Jackson, miss. – Several types of niche beauty service providers can now offer their services in Mississippi without being forced to pay for expensive courses that do not teach them how to do their jobs. Under a newly enacted state law, eyebrow threats, eyelash technicians, and makeup artists can open their stores without getting a beautician license.
The new law was sparked by a series of lawsuits against the Mississippi State Board of Cosmetology, including one filed in 2019 by the Mississippi Justice Institute (MJI) and eyebrow threatener Dipa Bhattarai. That letter was threatened by MJI and eyelash technician Amy Burks, threatening litigation in 2020 and a lawsuit by Gibson, Dunn & Crutcher LLP and makeup artist Karrece Stewart in 2020.
“Our clients have taken legal action to defend one of their most important constitutional rights, the right to earn an honest living in our state without being subjected to senseless and onerous government regulations,” said Aaron Rice, director of MJI. “Threaders, whip technicians and makeup artists do not need extensive training to become a beautician. They offer safe and easy services. Now, these niche beauty providers don’t have to pay thousands of dollars to take hundreds of hours of classes unrelated to their practice. “
Threading is a very safe and easy technique that only allows threaders to use twisted cotton thread that acts like a mini-lasso to remove stray hair, most commonly around the eyebrows. Threading originated in South Asian countries centuries ago, but is growing in popularity in the United States as it is an elegant, simple, and relatively painless form of hair removal.

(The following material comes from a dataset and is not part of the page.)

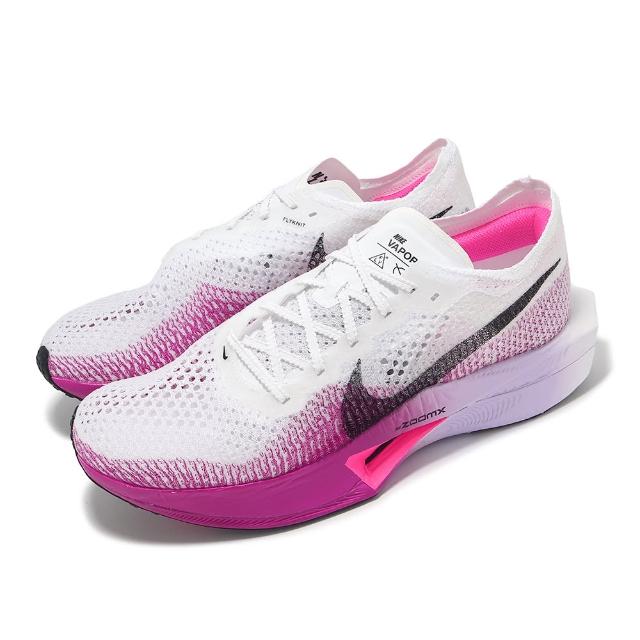 ZOOMX VAPORFLY NEXT% 3 白紫 28cm 箱無し NIKE 耐吉】競速跑鞋ZoomX Vaporfly Next% 3 男鞋白紫輕量碳板推進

In 2013, Mississippi law was changed to require threats to be licensed as estheticians. Before taking the license exam, which does not test the applicant’s knowledge of threading, a potential threat would need to complete 600 hours of classroom instruction at a cost of up to $ 12,000. And worse, not a single hour of this instruction teaches threading.
Dipa Bhattarai is an international student who has been busy most of her life. Seeing an opportunity to use her skills to make the American Dream come true, she opened a threading studio with locations in Columbus and Starkville and hired four people. But the cosmetics authority closed it because it did not have a beautician license.
“I am so grateful to be able to get back into business without receiving an entirely unnecessary license,” said Bhattarai. “I can now focus on my business and education without worrying about the government closing me down.”
Eyelash extensions are available in self-adhesive strips in most retail stores. In recent years, however, many customers have started paying eyelash technicians to apply individual false eyelashes, resulting in a more natural look. This is a time consuming and tedious process, but it is safe and easy to learn.
Mississippi law doesn’t specifically require eyelash technicians to obtain a beautician license. In 2019, however, the Cosmetics Authority determined that the use of eyelash extensions falls within their remit as the face needs to be beautified. This finding meant that eyelash technicians also had to obtain beautician licenses, although the required instruction also did not provide or test eyelash extension applications.
Amy Burks opened an eyelash extension lounge in Madison in 2013 and hired four people. In 2019, the Cosmetics Authority gave her a quote for running an unlicensed salon, saying she and all of her employees would have to quit work and attend training.
“I’m so excited that this bill was passed,” said Burks. “My team and I have put everything into this business for the past eight years. To think that everything would be taken away was so heartbreaking. “
Applying makeup also requires a beautician license, although hundreds of millions of people apply makeup every day without formal training and makeup lessons are only a very small part of the required lessons, which mainly focus on skin care and hair removal.
Karrece Stewart opened a makeup business in Fulton. She teaches make-up techniques and would like to be able to apply make-up for clients too. However, this would require a license.
“I started my own makeup business, Get Glam Beauty, to help make my dreams come true and give women the confidence they need to see themselves differently,” said Stewart. “Mississippi’s unconstitutional esthetician licensing requirements have been a barrier to realizing that dream. With this change, I can now grow my business, better care for my family, and use my skills to improve the beauty of women.”
House Bill 1312
The new law House Bill 1312was negotiated with the Mississippi Attorney General by MJI attorneys and Gibson, Dunn & Crutcher LLP before being passed by Mississippi Legislature and enacted by Governor Tate Reeves on Friday, April 9, 2021. The new law took effect immediately.
The new law prohibits the Mississippi State Board of Cosmetology from requiring any type of cosmetics license for anyone whose practice is limited to threading, applying eyelash extensions, or making-up art. It also prevents the board from imposing fines, civil or criminal penalties on unlicensed threats, whip technicians, or makeup artists, or regulating the exercise of these services.
Everett White, an attorney with Sones & White Law Firm, PLLC, served as an MJI volunteer attorney for Ms. Bhattarai.
Andy Taggart, founding partner of Taggart, Rimes & Graham law firm, served as a volunteer MJI attorney for Ms. Burks.
The Mississippi Justice Institute is a not-for-profit center for constitutional litigation and the legal arm of the Mississippi Center for Public Policy.